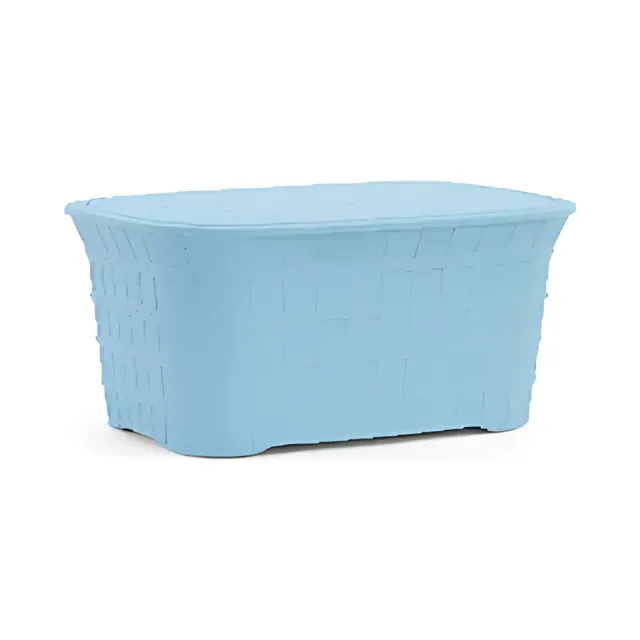 Woody Detergent Powder Box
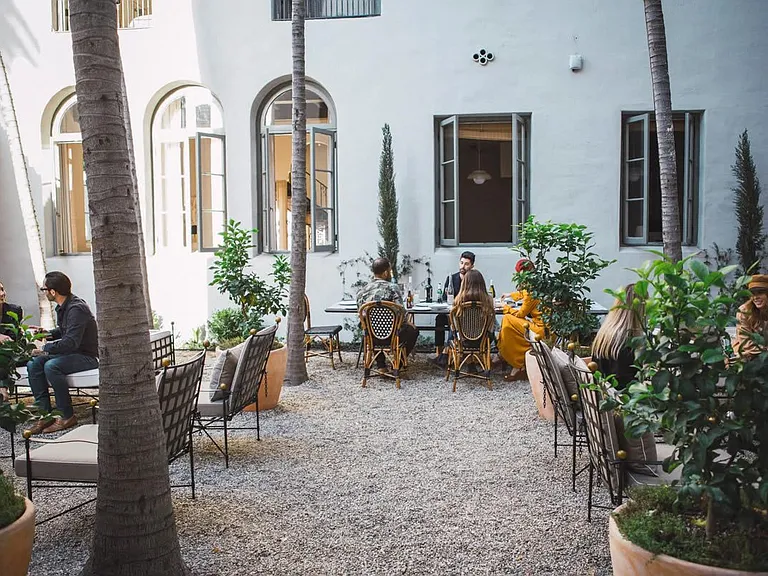 Villa Carlotta — Photo 18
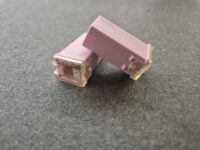 Sikring, JCase 30A, Universal 8697087 - Billede 2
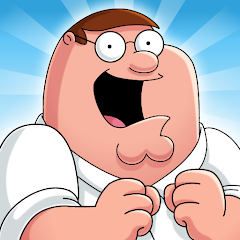 ֮Ѱ֮Ϸ(Family Guy)v7.7.0 ׿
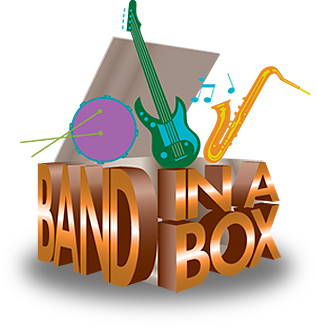 Band In A Box 2009 Free  For Windows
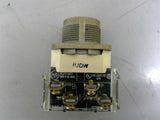 Allen-Bradley 800T-J5KT7 N Selector Switch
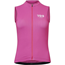 Cykeltröja Void Pure Jersey Sleeveless Women Fuchsia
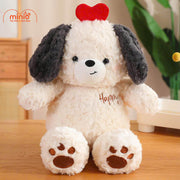 Thỏ, gấu lông xù 0190 NB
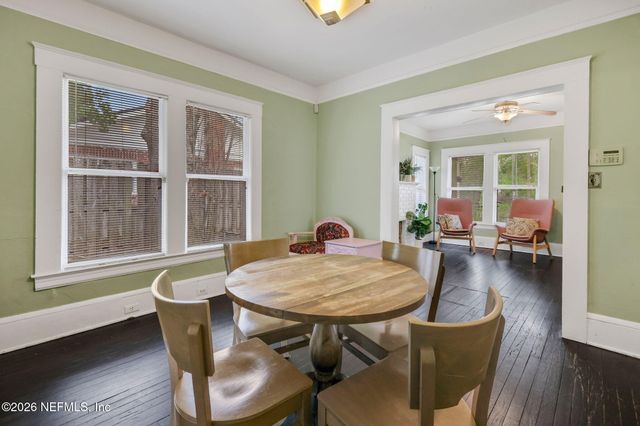 2718 ERNEST Street, Jacksonville, FL 32205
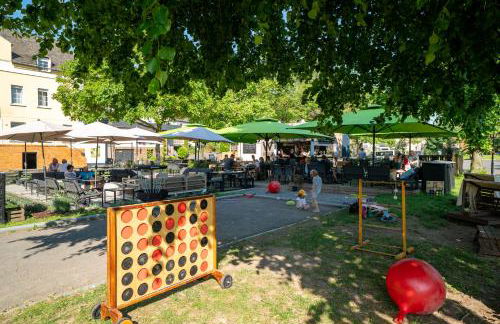 St Jakobshof für Moselurlaub mit Familie - Foto 43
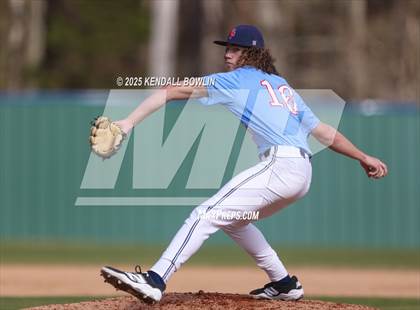 Thumbnail 2 in Lafayette vs South Panola (Water Valley Jamboree) photogallery.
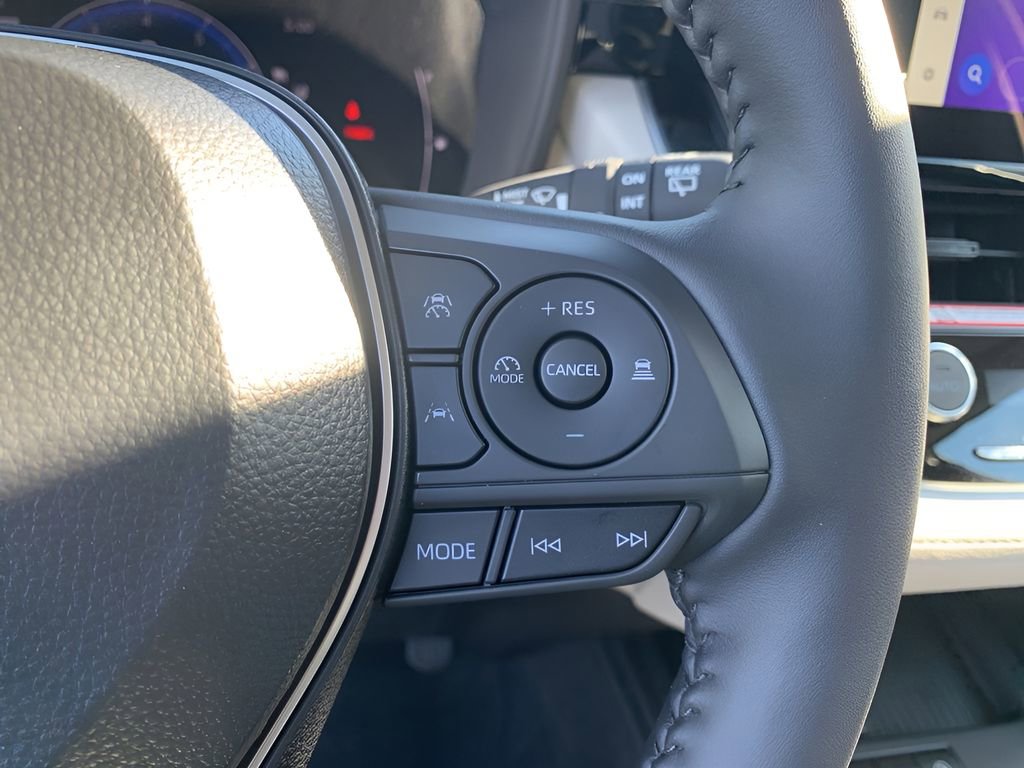 New 2026 Toyota Corolla Cross LE image 27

==*==

The copy you give must run from the line containing "St Jakobshof für" through the last line of the records, exactly, with the pictures left out.

### RESULT OF THE EXERCISE:
 St Jakobshof für Moselurlaub mit Familie - Foto 43
 Thumbnail 2 in Lafayette vs South Panola (Water Valley Jamboree) photogallery.
 New 2026 Toyota Corolla Cross LE image 27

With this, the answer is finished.